» Task statement
Go through the data below. List every line that holds the word "Click".

» Data listing

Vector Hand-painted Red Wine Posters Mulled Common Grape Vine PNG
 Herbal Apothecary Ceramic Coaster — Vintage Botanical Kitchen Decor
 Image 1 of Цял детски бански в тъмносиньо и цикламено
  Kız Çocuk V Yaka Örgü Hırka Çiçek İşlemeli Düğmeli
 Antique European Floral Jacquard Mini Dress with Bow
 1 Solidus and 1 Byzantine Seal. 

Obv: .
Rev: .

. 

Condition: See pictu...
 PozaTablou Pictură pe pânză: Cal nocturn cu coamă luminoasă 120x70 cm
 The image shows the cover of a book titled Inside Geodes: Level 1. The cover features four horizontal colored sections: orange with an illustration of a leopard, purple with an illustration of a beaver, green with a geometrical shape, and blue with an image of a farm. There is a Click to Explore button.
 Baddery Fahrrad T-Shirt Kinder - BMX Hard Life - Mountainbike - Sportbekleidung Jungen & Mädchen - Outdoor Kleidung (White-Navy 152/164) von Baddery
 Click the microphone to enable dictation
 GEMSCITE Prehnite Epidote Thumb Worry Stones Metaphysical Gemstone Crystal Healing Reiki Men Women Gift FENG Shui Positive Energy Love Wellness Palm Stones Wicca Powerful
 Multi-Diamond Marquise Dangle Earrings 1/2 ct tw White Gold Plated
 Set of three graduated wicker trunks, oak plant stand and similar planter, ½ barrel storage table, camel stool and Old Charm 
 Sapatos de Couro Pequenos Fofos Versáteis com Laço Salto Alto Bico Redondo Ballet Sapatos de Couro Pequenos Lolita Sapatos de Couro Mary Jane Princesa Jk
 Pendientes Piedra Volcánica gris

» Result of this exercise
 The image shows the cover of a book titled Inside Geodes: Level 1. The cover features four horizontal colored sections: orange with an illustration of a leopard, purple with an illustration of a beaver, green with a geometrical shape, and blue with an image of a farm. There is a Click to Explore button.
 Click the microphone to enable dictation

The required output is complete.